My euro-demons
Ach, één keer per maand koop ik een euromillions-loterijbiljet, je weet maar nooit. Ik zou een klein deel voor mij houden en de andere miljoenen spenderen aan goede doelen. Jaja, zeggen ze dat niet allemaal?
Want als je het grote lot wint, koop je dan niet meteen die moderne villa bij het stadspark en de knalgele sportauto waar je al jaren van droomt? Ja, een week later lig je te zonnen op de Malediven. Maar op het palmboomstrand rinkelt je iPhone reeds, word je gecontacteerd door je spaarbank. Zo doe je als money-analfabeet veel foute beleggingen. In een mum van tijd is je fortuin grotendeels verbrast aan de beurs van New York, je bent immers een gemakkelijke prooi voor the wolves of Wall Street.
Ook casinobezoek is nefast voor de centjes.
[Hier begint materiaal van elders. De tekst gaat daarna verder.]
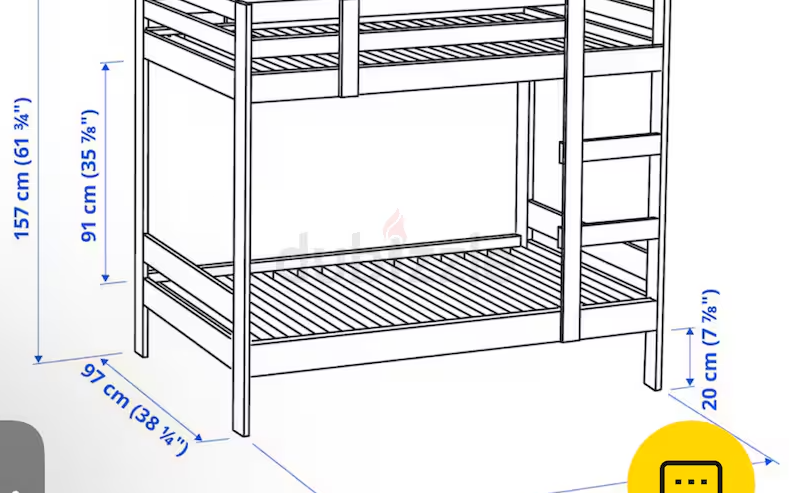 IKEA Bunk bed with IKEA mattress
Daar vergok je op één avond gemakkelijk enkele duizenden euro’s. Je giet jezelf vol met champagne en zo gaat de jackpot aan je dronkenmansneus voorbij. En dan zijn er nog de sluwe vrouwtjes, de overdreven opgesmukte luxepoppen die jou oplichten als ze je dikke portemonnee opmerken. Meestal zijn het geroutineerde duivelinnetjes. Als strontvliegen zwermen ze rond de stinkend rijke man die jij nu bent.
Ook de familieleden willen een deel van de koek, ze geven je plots verdacht veel complimenten. En op feestjes dragen boezemvriendinnen ineens jurkjes met heel diep uitgesneden decolletés. Kennissen komen bij jou op visite, meer dan gewoonlijk. Maar je begint coke te snuiven en dat is een streep door je rekening en elke dag uitgebreid tafelen is ook een flinke hap uit je budget. Non-profitorganisaties staan aan je deur met hun ijzer bekertje te bedelen. Zo word je stilaan paranoïde, begin je iedereen te wantrouwen, zelfs de onbekende dame die jou aan het altaar het jawoord geeft en haastig de diamant over haar ringvinger schuift.
En dus rol je van de top van je berg geld snel naar de duistere diepte, je vermogen smelt als sneeuw voor de zon en je zit aan de grond, erger nog: bijna onder de grond. Je wil jezelf immers van kant maken, maar hoe? Je laten doodvriezen aan de Noordpool? Door de Sahara rijden en daar van de dorst omkomen? Of van de Eiffeltoren springen?
Vannacht fluisterde mijn rijke arme overleden vader in mijn wilde dromen: “Ach Claudelaire, wordt maar nooit miljonair. Negeer je euro-demonen.”